Transcribe, starting at the line with "Alternatively, you can" and ending at the line with "Here I have", every line of the material below exactly, but leave out the pictures and anything outside that span.

→ SUPPLIED RECORDS
━━━

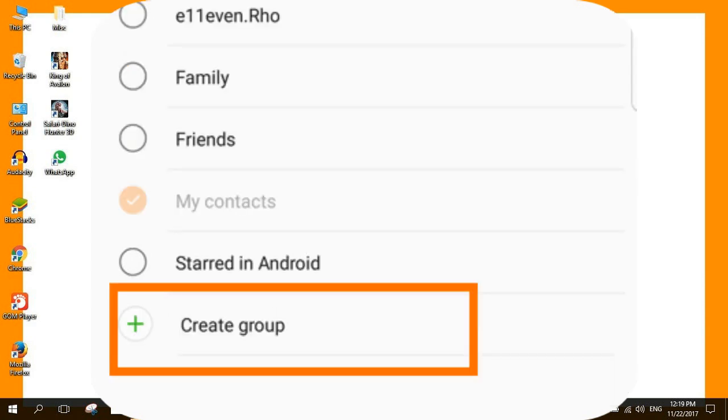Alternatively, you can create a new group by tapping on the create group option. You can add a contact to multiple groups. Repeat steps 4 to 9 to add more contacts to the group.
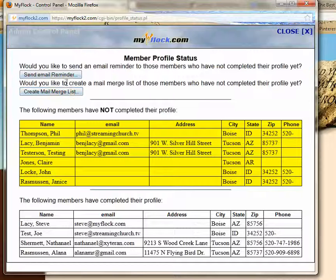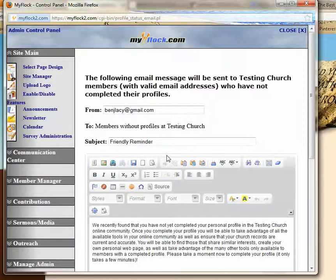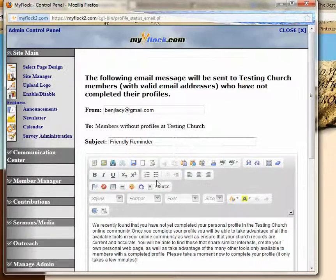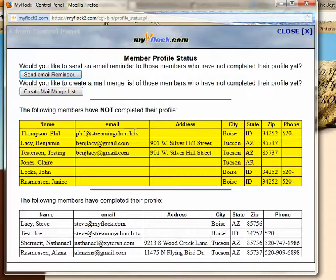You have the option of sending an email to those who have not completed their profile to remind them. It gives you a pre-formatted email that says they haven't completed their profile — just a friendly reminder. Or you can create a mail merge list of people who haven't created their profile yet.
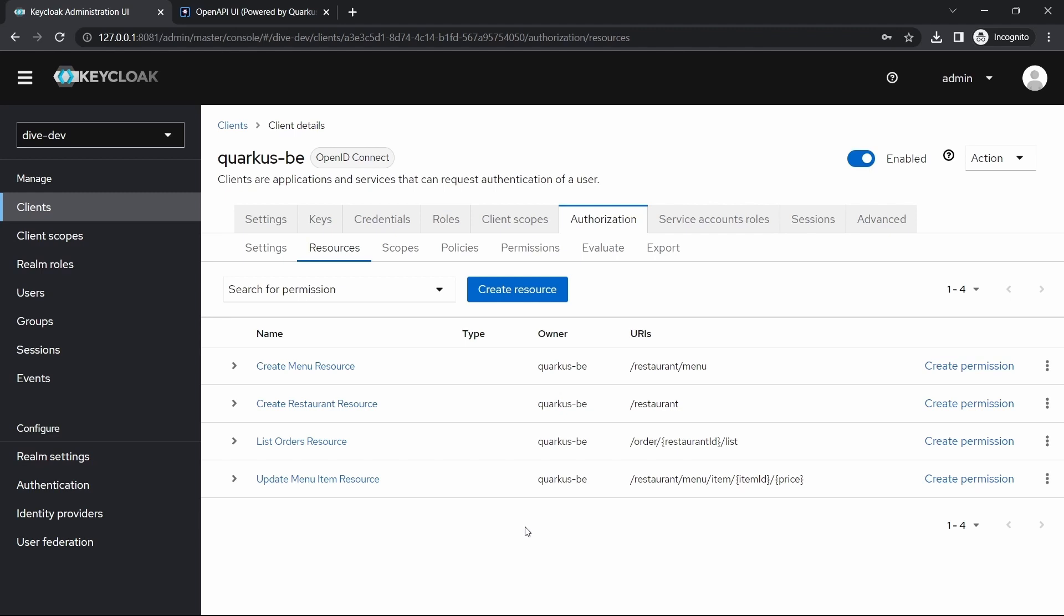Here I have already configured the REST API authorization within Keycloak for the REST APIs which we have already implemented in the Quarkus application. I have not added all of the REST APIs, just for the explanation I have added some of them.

━━━

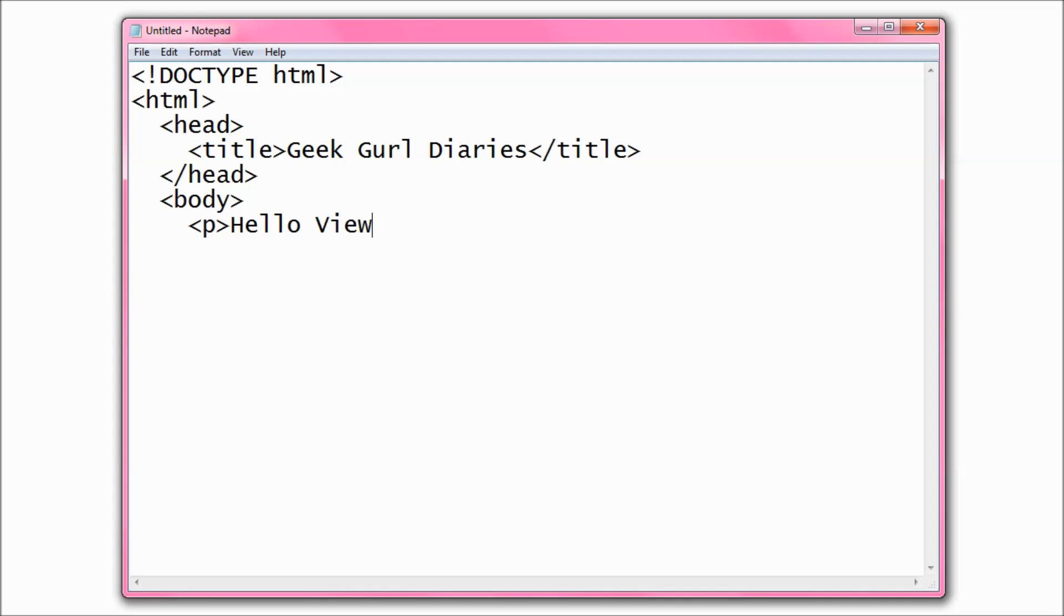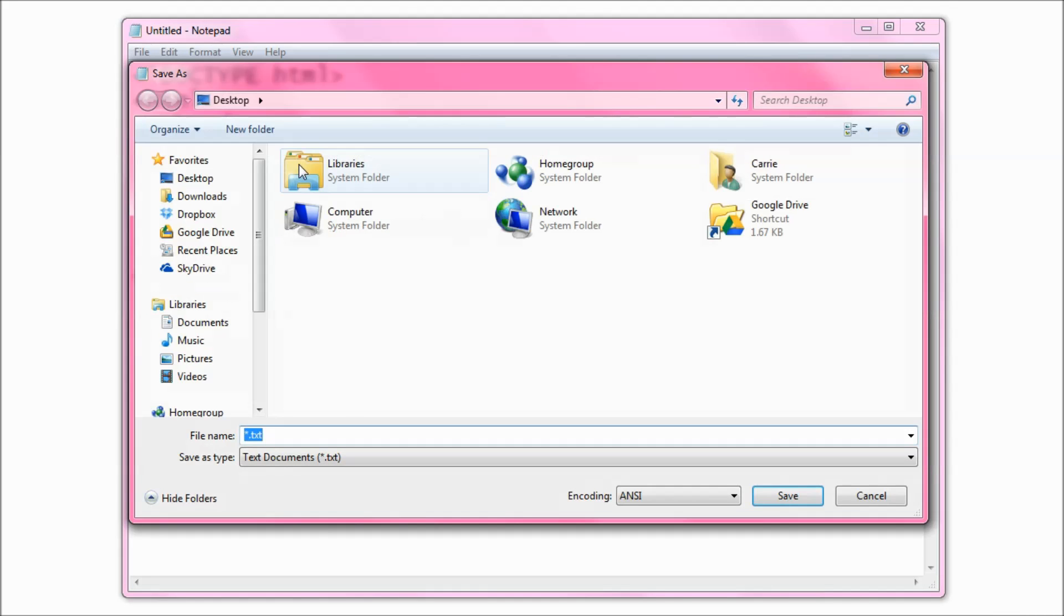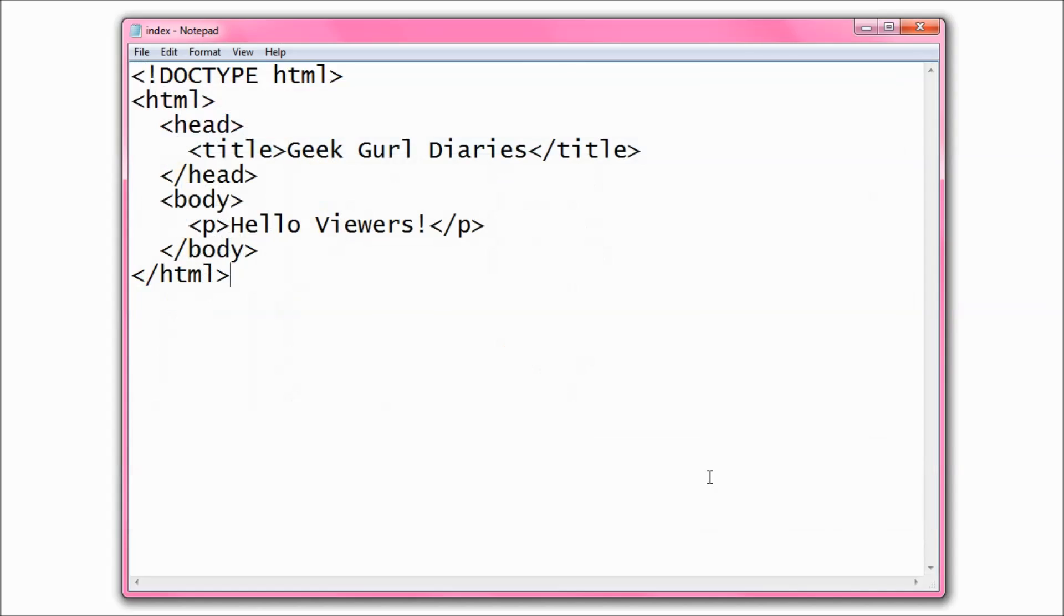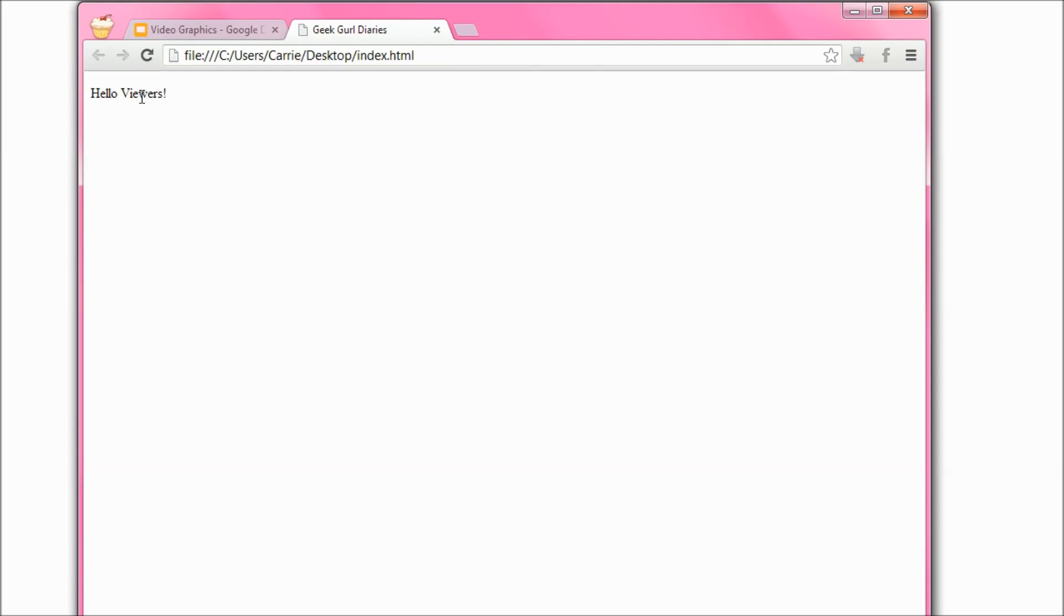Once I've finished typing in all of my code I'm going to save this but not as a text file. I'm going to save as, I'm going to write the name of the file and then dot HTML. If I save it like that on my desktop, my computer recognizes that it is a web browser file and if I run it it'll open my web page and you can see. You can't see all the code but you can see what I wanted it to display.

━━━

→ EXPECTED OUTPUT
Alternatively, you can create a new group by tapping on the create group option. You can add a contact to multiple groups. Repeat steps 4 to 9 to add more contacts to the group.
You have the option of sending an email to those who have not completed their profile to remind them. It gives you a pre-formatted email that says they haven't completed their profile — just a friendly reminder. Or you can create a mail merge list of people who haven't created their profile yet.
Here I have already configured the REST API authorization within Keycloak for the REST APIs which we have already implemented in the Quarkus application. I have not added all of the REST APIs, just for the explanation I have added some of them.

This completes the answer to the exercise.